Would you please repeat, word for word, only the lines from the one holding "Image de Isotoner" through the one holding "2020 Hyundai AURA" in the material below, without the pictures?

Extracted material
-----

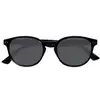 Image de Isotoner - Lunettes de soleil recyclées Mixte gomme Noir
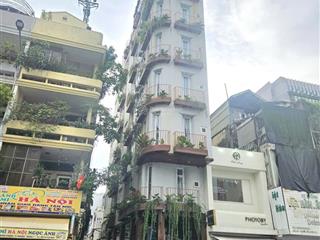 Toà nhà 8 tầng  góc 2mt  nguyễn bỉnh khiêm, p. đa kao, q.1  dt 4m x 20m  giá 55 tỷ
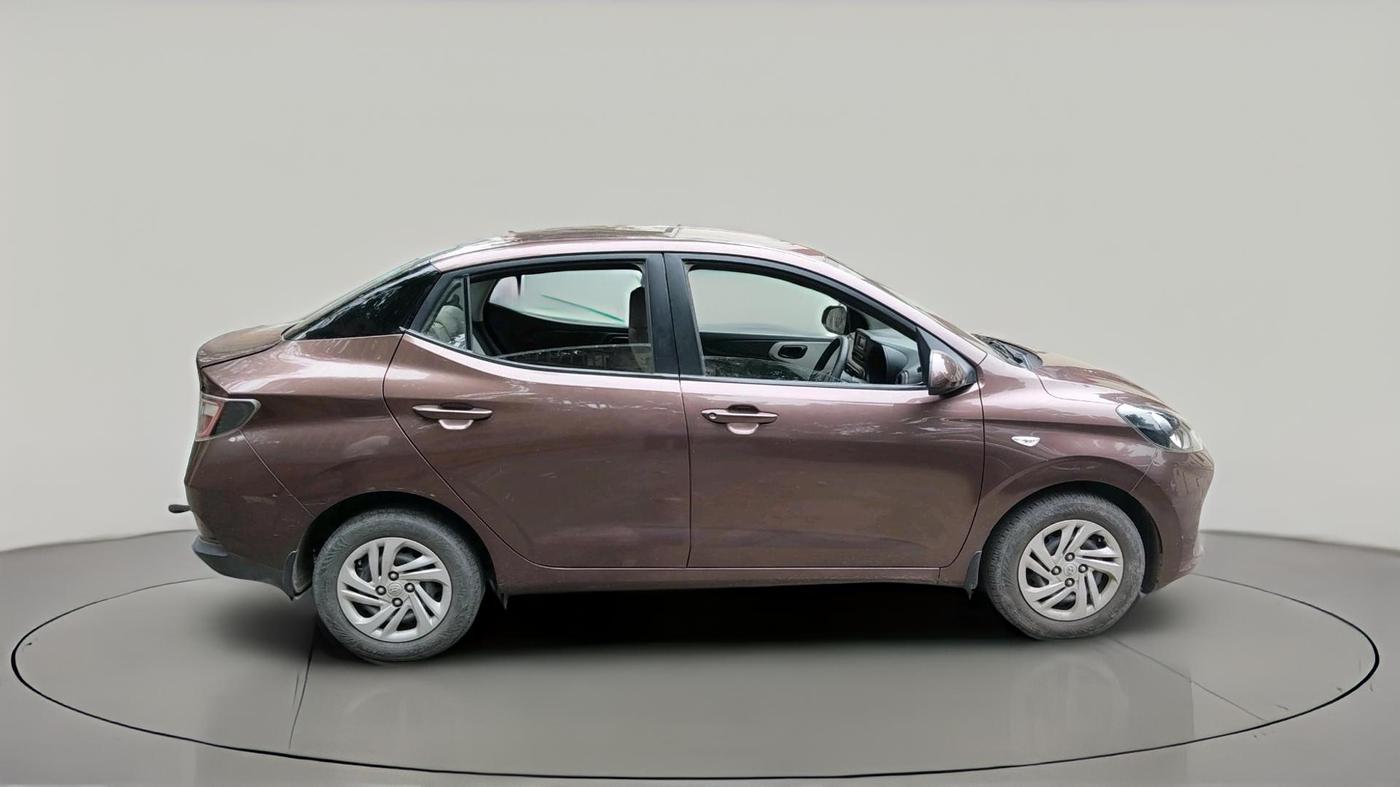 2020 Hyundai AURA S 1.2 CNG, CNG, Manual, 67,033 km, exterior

-----

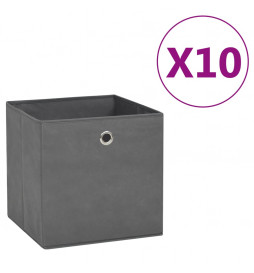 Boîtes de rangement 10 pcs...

-----

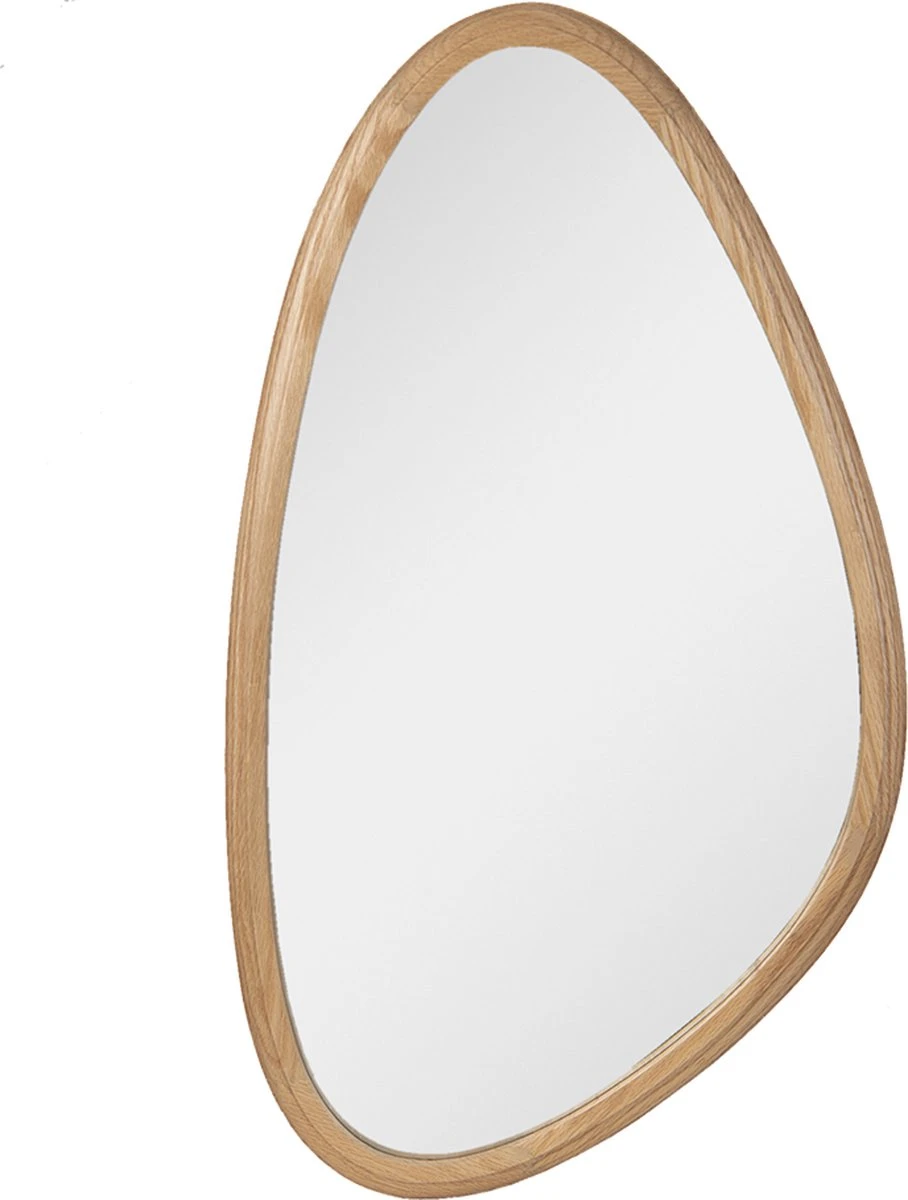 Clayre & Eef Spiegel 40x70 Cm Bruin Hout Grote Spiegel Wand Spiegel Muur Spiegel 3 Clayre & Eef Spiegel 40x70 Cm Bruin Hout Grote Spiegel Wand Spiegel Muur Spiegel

-----

Solution
 Image de Isotoner - Lunettes de soleil recyclées Mixte gomme Noir
 Toà nhà 8 tầng  góc 2mt  nguyễn bỉnh khiêm, p. đa kao, q.1  dt 4m x 20m  giá 55 tỷ
 2020 Hyundai AURA S 1.2 CNG, CNG, Manual, 67,033 km, exterior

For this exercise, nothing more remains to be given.